In breeding programs for L. kaempferi in Japan, the selection of second-generation plus trees has been currently conducted from the breeding population in progeny test sites (Kurinobu 2005; Fukatsu et al. 2015). In the results obtained in the present study, AD was genetically strongly affected at almost all radial positions compared with other wood properties. In addition, significant genetic correlations were found between AD and MOE or MOR, especially in the outer radial positions (Fig. 3). Thus, it is concluded that in L. kaempferi, genetic improvement for wood density and bending properties was effective for mature wood compared to juvenile wood, and improvements in wood density resulted in improvement of bending properties, which are important traits for use as structural lumber in L. kaempferi. Leban and Haines (1999) reported that specific MOE (the ratio of MOE and wood density) can be used as a criterion to evaluate the strength performance of wood. In the present study, specific MOE in Nagano site (19.53) was higher value than that in Gunma site (17.74), indicating that wood produced from Nagano site was characterized by higher strength properties per unit weight compared to wood from Gunma site. Further research is needed for the evaluation of the possible application of specific MOE as a selection criterion of the superior tree for structural wood production in tree breeding.

5 Conclusions

The inheritance of wood properties (i.e., ARW, LWP, AD, and MFA) and bending properties was investigated for 15 full-sib families in 36-year-old L. kaempferi.
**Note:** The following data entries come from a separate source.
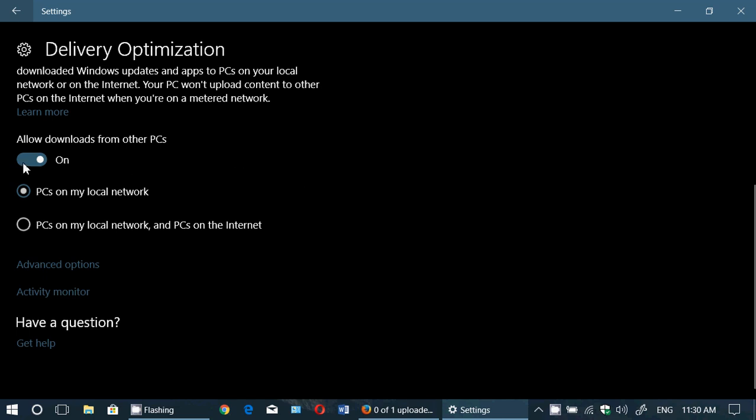If you have just one PC, switch this off. If you have many PCs on your network, switch this on but to PCs on local network only. And finally, if you don't want to share with the internet, just make sure your dot is not there.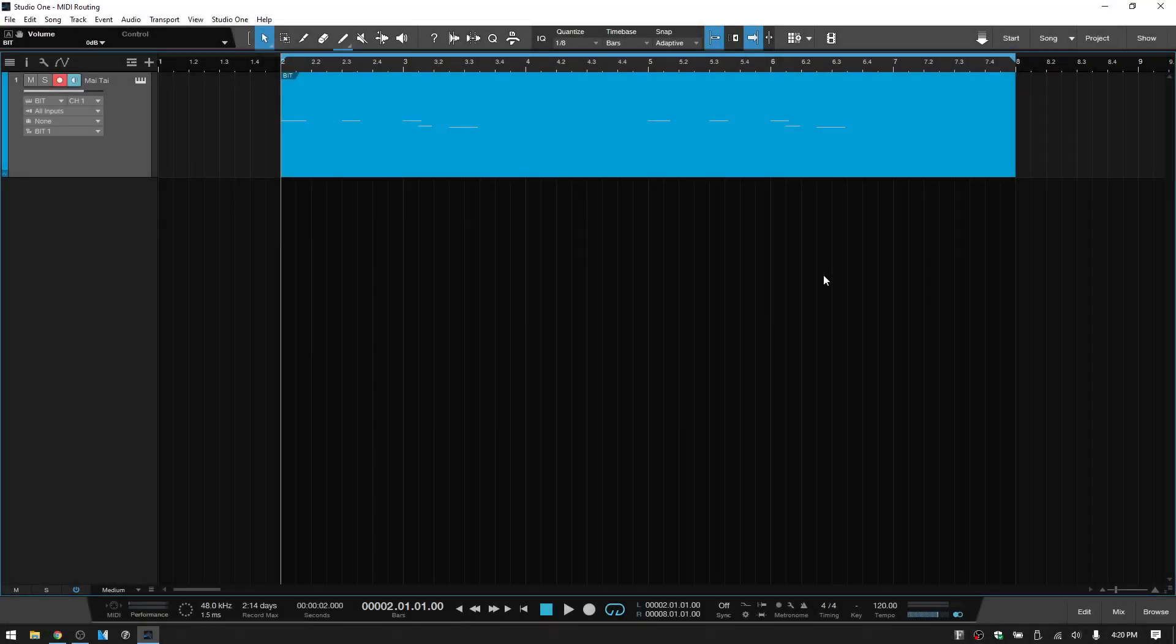I recently had someone leave a comment about MIDI routing within Studio One, and specifically they asked how to route multiple VST instruments to a single MIDI track.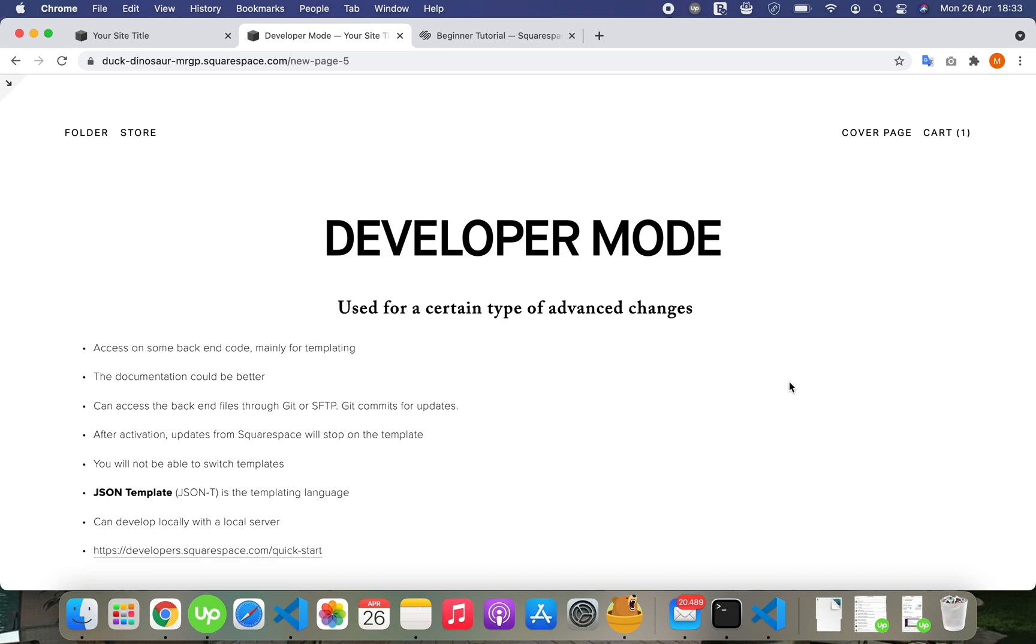Developer mode on Squarespace is used for a certain type of advanced changes. After you activate it, you have access to some back-end code, mainly for templating. I think the documentation could be much better and richer.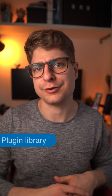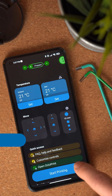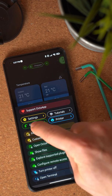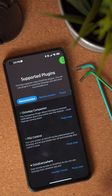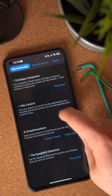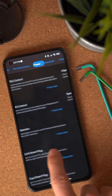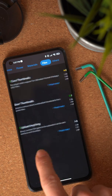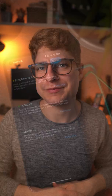Another cool improvement in 1.12 is the plugin library. OctaApp supports many OctaPrint plugins, and basically with every update it gets more. But so far there was no easy way to see which plugins are supported and in which way. The plugin library should give you a complete overview. I'm not quite happy with the design yet so there might be some changes, but I think it's already a very good start.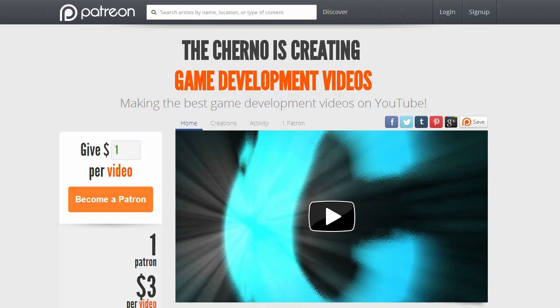But imagine if that wasn't the case. Imagine if I could spend 20 hours per week making videos instead of working. That's where Patreon comes in.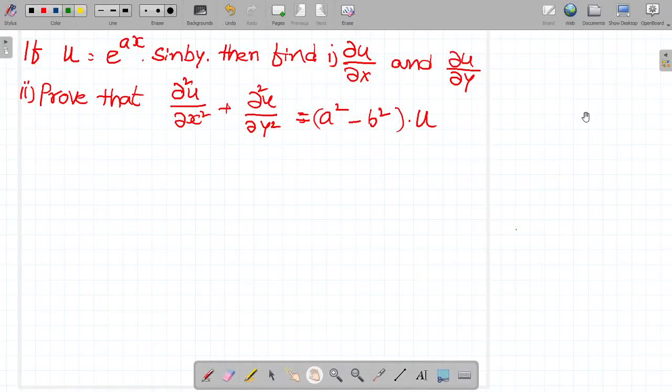Hi friends, today our topic is partial differentiation. This problem was asked in a previous exam. Let us go to the problem.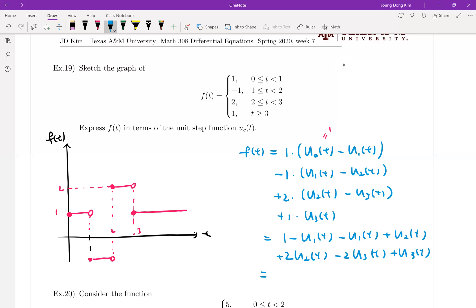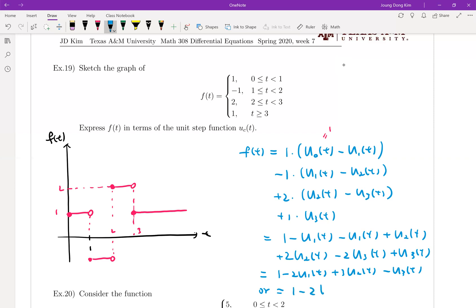Simplifying, f(t) equals 1 minus 2·u_1(t) plus 3·u_2(t) minus u_3(t). This can also be written in Heaviside function form as 1 minus 2·h(t−1) plus 3·h(t−2) minus h(t−3).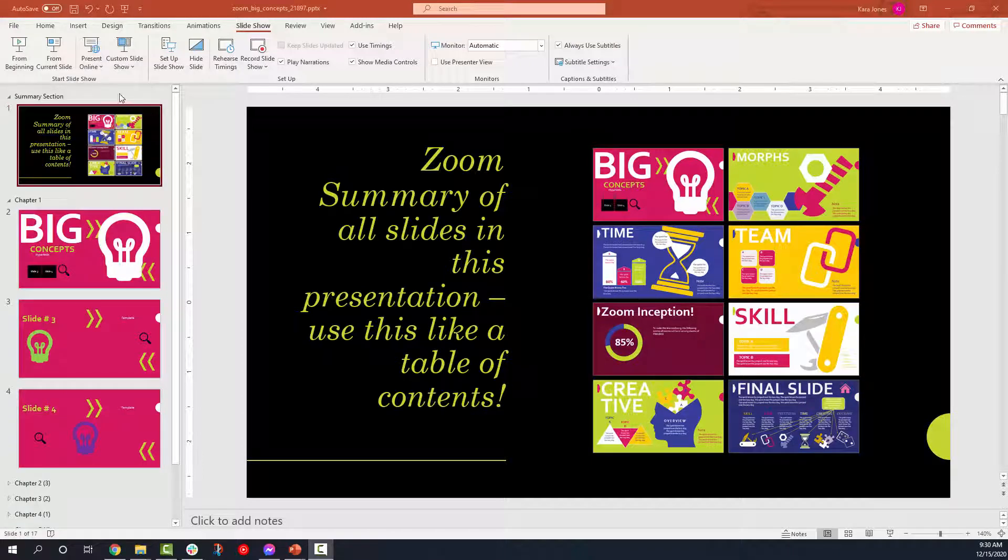Welcome to Presenter Media. My name is Kara Jones, and today I'm going to teach you the in-depth tutorial for Microsoft PowerPoint's Insert Zoom link feature.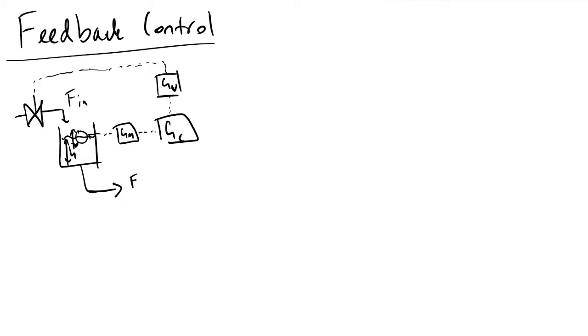And so what we're going to do next is look at how we actually make a block diagram from this to derive a closed loop transfer function. And just so we're clear, the process of these flows that we're looking at between these blocks GM, GC, GV, these are transfer functions that are mapping some kind of input to another output.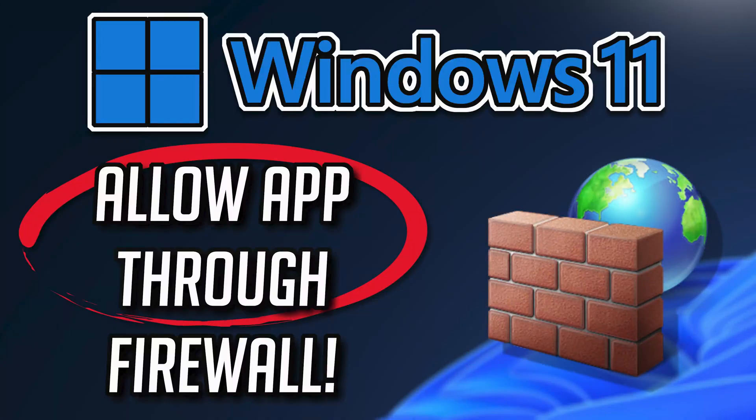If you can't launch an app or program because the Windows Firewall is blocking it, then in this tutorial I'll teach you how to allow an app through a Windows Firewall so you can use it again. This guide applies to Windows 11 and Windows 10.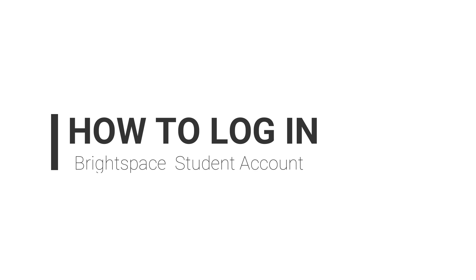Hello everyone. Welcome to our Brightspace tutorial. Today, I will teach you how to log in your account.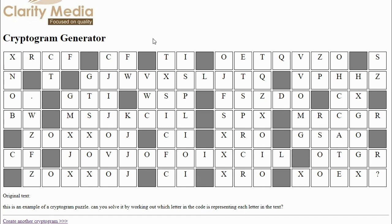Okay, so that URL again is clarity-media.com/cryptogram.php, and you can use this as shown here by entering the text that you'd like and then clicking the button to create the cryptogram puzzle. And that's all there is to it.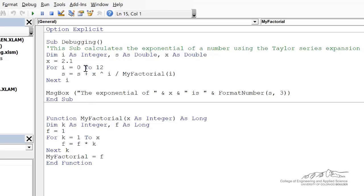Hi there. This screencast is going to go over how to debug and to step through lines of your code. I've got a pretty complicated example here that calculates the exponent of a number.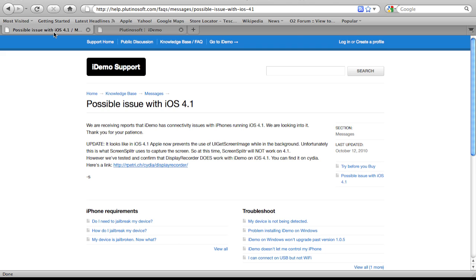It was Screen Splitter. However, you can still use iDEMO and you need to download Display Recorder, which is in Cydia. Obviously, you need a jailbroken iPhone to get this. So you need Display Recorder. I'll put the link below to the source on how you can get that via Cydia.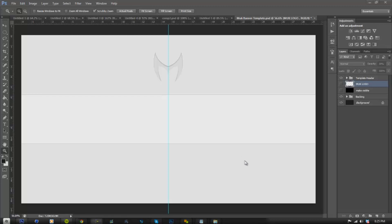What is going on guys? It's MukDesigns here and I'm coming to you guys with a brand new tutorial on how to make a really nice and clean 2D layout in Photoshop. I'm going to be incorporating textures and some cool 2D text into the background and make it really nice on the eyes and just a really stylish background.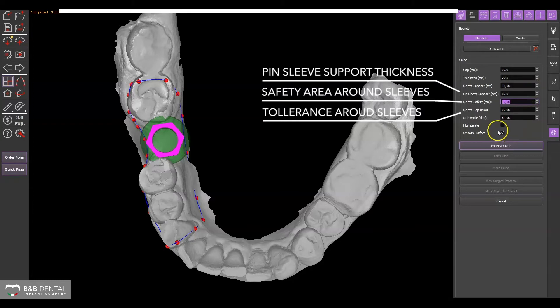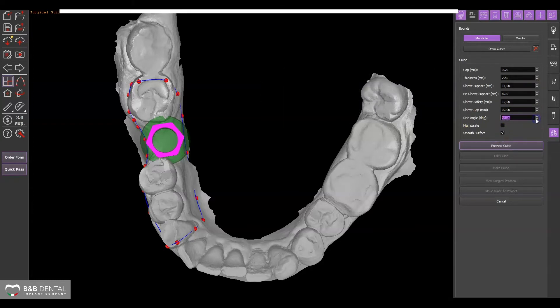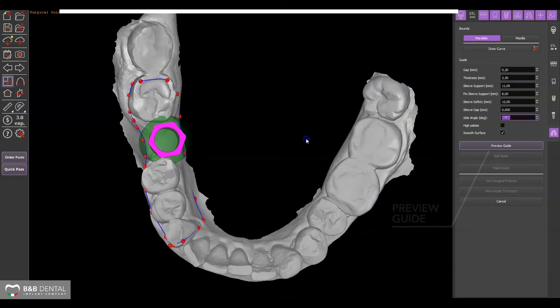Before selecting preview, adjust the display as the software will calculate the undercuts based on the display position.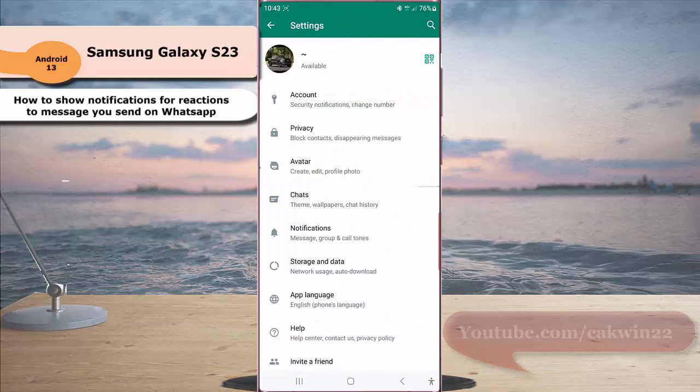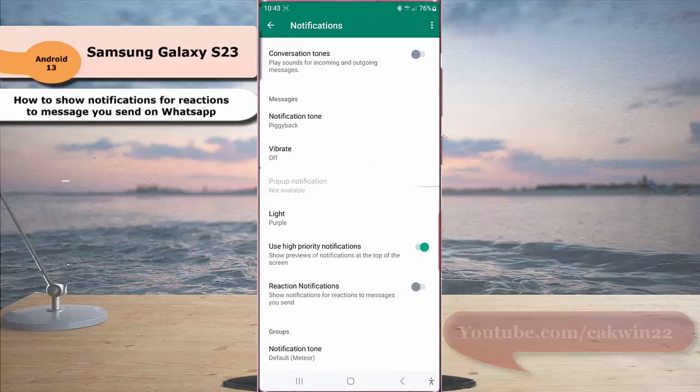Tap notification. Under messages section, tap the grey on option next to reaction notification to enable this option.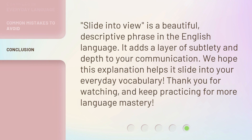'Slide into view' is a beautiful, descriptive phrase in the English language. It adds a layer of subtlety and depth to your communication. We hope this explanation helps it slide into your everyday vocabulary. Thank you for watching, and keep practicing for more language mastery.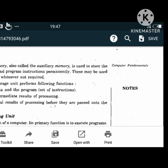The storage unit performs the following main functions: it stores data, it holds the intermediate results of processing, and it stores the final results of processing before they are passed on to the output unit.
In almost all wood properties, the mean values and radial variations determined in the present study were similar to those reported in previous studies. From the results of phenotypic and genetic correlations, AD can be used as a criterion by which to select trees with superior bending properties. Furthermore, significant correlations were found between the overall mean and mean values at almost all radial positions for AD, MFA, MOE, MOR, and W. MFA was genetically controlled near the pith. In contrast, the heritability of LWP, AD, and MOR was shown to have the highest values on the outer side. Although the load-deflection curves of 15 families in L. kaempferi could be divided into three groups in both juvenile and mature wood, similar load-deflection curves with slight differences in loading parameters were obtained in all groups for both juvenile and mature wood. Larger differences in maximum load among families were obtained in mature wood compared to juvenile wood, suggesting the possibility of improving mature wood with higher resistance to rupture and maintaining the characteristics of materials (a higher proportional limit and smaller plastic region) in L. kaempferi by selection. However, because the sample trees used in the present study were small-diameter trees that were not enough size for producing the actual size of structural lumber, further study using full-size structural lumber is necessary for evaluating wood quality and that inheritance in this species.